RECORDS FOR THIS TASK:

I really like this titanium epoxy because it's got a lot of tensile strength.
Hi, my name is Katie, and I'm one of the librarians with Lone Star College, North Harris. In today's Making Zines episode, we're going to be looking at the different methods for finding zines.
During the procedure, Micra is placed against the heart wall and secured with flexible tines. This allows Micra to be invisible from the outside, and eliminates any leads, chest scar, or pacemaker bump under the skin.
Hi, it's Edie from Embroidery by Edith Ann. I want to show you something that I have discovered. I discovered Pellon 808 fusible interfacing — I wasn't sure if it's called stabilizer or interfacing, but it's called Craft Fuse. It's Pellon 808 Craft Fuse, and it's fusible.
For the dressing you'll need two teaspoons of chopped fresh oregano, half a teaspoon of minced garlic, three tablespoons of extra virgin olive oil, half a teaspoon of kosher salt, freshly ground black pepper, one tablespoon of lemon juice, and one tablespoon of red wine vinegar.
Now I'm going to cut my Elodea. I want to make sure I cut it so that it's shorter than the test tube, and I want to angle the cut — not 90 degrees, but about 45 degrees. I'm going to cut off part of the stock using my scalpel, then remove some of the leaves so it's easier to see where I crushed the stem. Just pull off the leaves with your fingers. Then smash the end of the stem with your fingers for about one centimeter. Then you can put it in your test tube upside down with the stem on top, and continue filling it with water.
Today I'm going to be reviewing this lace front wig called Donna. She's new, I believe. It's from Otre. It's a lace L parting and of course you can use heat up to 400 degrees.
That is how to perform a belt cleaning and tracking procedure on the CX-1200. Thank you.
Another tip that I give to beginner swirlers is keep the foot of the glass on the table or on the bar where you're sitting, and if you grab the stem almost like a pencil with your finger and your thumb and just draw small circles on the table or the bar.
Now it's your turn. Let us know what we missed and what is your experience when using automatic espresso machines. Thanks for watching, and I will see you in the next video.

...

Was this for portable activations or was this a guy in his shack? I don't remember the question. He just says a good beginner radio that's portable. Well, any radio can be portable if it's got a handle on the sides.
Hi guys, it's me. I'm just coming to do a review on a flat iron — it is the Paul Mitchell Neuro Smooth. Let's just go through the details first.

TASK OBJECTIVE: From the material above, retype precisely the lines between the line holding "Today I'm going" and the line holding "Now it's your", inclusive, and nothing beyond them.

TASK RESULT:
Today I'm going to be reviewing this lace front wig called Donna. She's new, I believe. It's from Otre. It's a lace L parting and of course you can use heat up to 400 degrees.
That is how to perform a belt cleaning and tracking procedure on the CX-1200. Thank you.
Another tip that I give to beginner swirlers is keep the foot of the glass on the table or on the bar where you're sitting, and if you grab the stem almost like a pencil with your finger and your thumb and just draw small circles on the table or the bar.
Now it's your turn. Let us know what we missed and what is your experience when using automatic espresso machines. Thanks for watching, and I will see you in the next video.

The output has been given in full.